Developing Asia, which groups 45 countries in the Asia-Pacific region, is expected to grow 5.7 this year, the ADB said in its Asian Development Outlook report, slowing from a projected 5.9 per cent expansion in 2018 and 6.2 per cent growth in 2017.
The 2019 forecast represents a slight downgrade from its December forecast of 5.8 per cent. For 2020, the region is forecast to grow 5.6 per cent, which would be the slowest since 2001.
‘A drawn out or deteriorating trade conflict between the People’s Republic of China and the United States could undermine investment and growth in developing Asia’, Yasuyuki Sawada, ADB’s chief economist, said in a statement.
The lender also cited uncertainties stemming from US fiscal policy and a possible disorderly Brexit as risks to its outlook because they could slow growth in advanced economies and cloud the outlook for the world’s second largest economy.
‘Though abrupt increases in US interest rates appear to have ceased for the time being, policy makers must remain vigilant in these uncertain times,’ Sawada said.
China’s economy will probably grow 6.3 per cent this year, the ADB said, unchanged from its December projection, but slower than the country’s 6.6 per cent expansion in 2018. Growth in the Chinese mainland is projected to cool further to 6.1 per cent in 2020.
China has set its 2019 economic growth target at 6.0 to 6.5 per cent.

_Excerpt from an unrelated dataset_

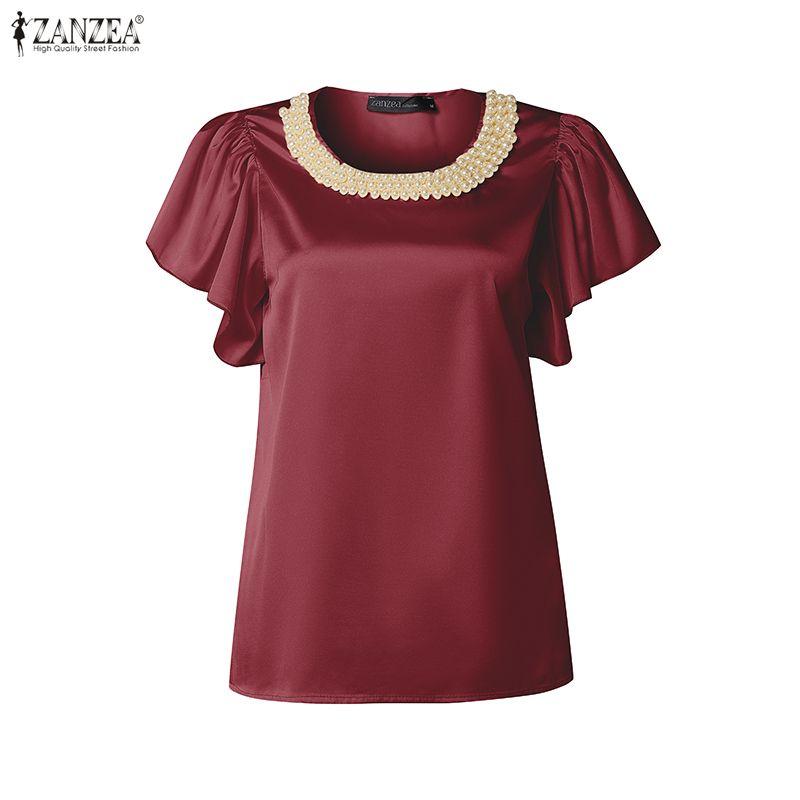 ZANZEA Women Pearl Splice Round Neck Casual Short Sleeve Satin Blouse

By region, South Asia will remain the fastest growing in Asia Pacific, with the ADB predicting an expansion of 6.8 per cent this year - lower than its previous forecast of 7.1 per cent - and 6.9 per cent next year.

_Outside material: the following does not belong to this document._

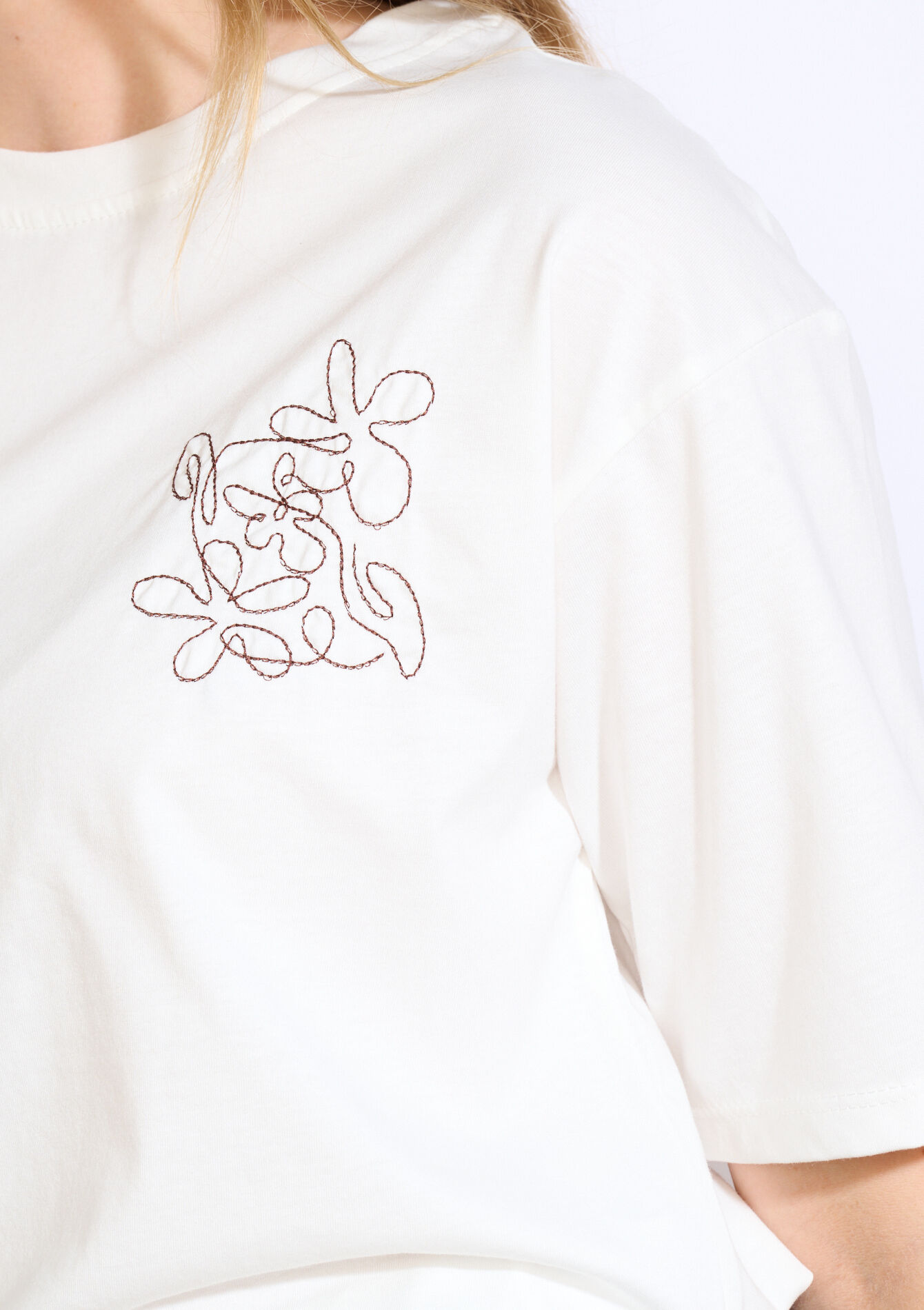 T-shirt à détail brodé, T-shirt à détail brodé - OFFWHITE - 02301882_1001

From an estimated 7.0 per cent growth in 2018, India’s economy is projected to expand at a faster pace of 7.2 per cent in 2019 and 7.3 per cent in 2020, the ADB said, as lower policy rates and income support to farmers boost domestic demand.
This year’s growth forecast for Southeast Asia was trimmed to 4.9 per cent from an earlier estimate of 5.1 per cent, as the Manila-based lender expect Malaysia, Singapore, Philippines and Thailand to grow slower than previously thought. Next year, Southeast Asia is predicted to grow 5.0 per cent.
Citing stable commodity prices, the ADB lowered its average inflation forecast for developing Asia to 2.5 per cent this year from 2.7 per cent previously, and it is expected to remain subdued at 2.5 per cent in 2020.